Pensiamo alla Nigeria: un colosso che viene ritenuto ad alto rischio per aziende di piccole e medie dimensioni, ma in realtà solo in alcune regioni il pericolo è reale. Così come in Sudan, dove la guerra continua, ma è circoscritta a un’area precisa. Analisi condivisa e approfondita da Zaurrini, che dice: «Fondamentale studiare il territorio e trovare dei partner seri in loco. L’Africa è un luogo di straordinarie possibilità, ma gli europei tendono a vedere i problemi, mentre la Cina e l’India notano le infinite occasioni di business. E’ necessario cooperare con le istituzioni italiane già prima di insediarsi in un nuovo Paese, per evitare di dover poi ricorrere a paracaduti istituzionali solo in caso di problemi. Il Ministero degli Esteri ha una nuova linea di funzionari giovani, preparati e tenaci. Fra vent’anni», continua, «l’Africa sarà l’unico mercato ad avere forza-lavoro giovane in crescita».
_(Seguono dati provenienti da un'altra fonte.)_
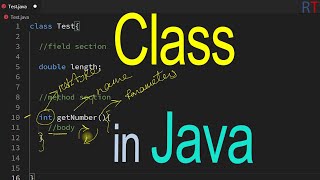 Java-57- What is Class in Java || Java Programming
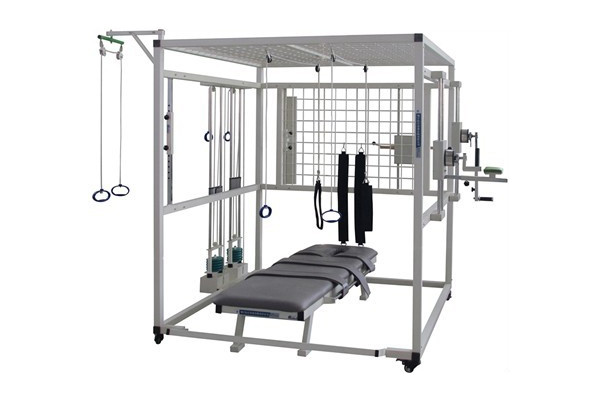 拉弹簧拉力器的正确方式,弹簧拉力器使用方法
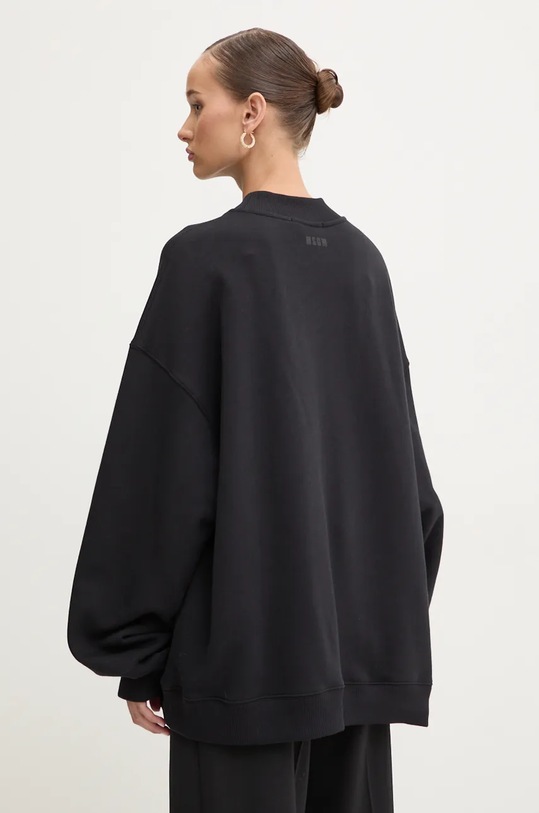 Abbigliamento MSGM felpa in cotone 3742MDM93.247999 nero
Oggi qui si sperimenta innovazione tra tecnologia e sviluppo, utilizzo delle rinnovabili, dei pagamenti online, della protezione climatica. Per affrontare questo tipo di mercati, però, è necessaria una buona preparazione». I dati delle Nazioni Unite affermano che entro il 2050 il 60% della popolazione africana vivrà in un contesto urbano, modificando quindi consumi e abitudini. Di pari passo, aumenterà la speranza di vita, e anche la qualità, condizionando gli acquisti, il cibo, i mezzi di trasporto. Una rivoluzione che non può più aspettare.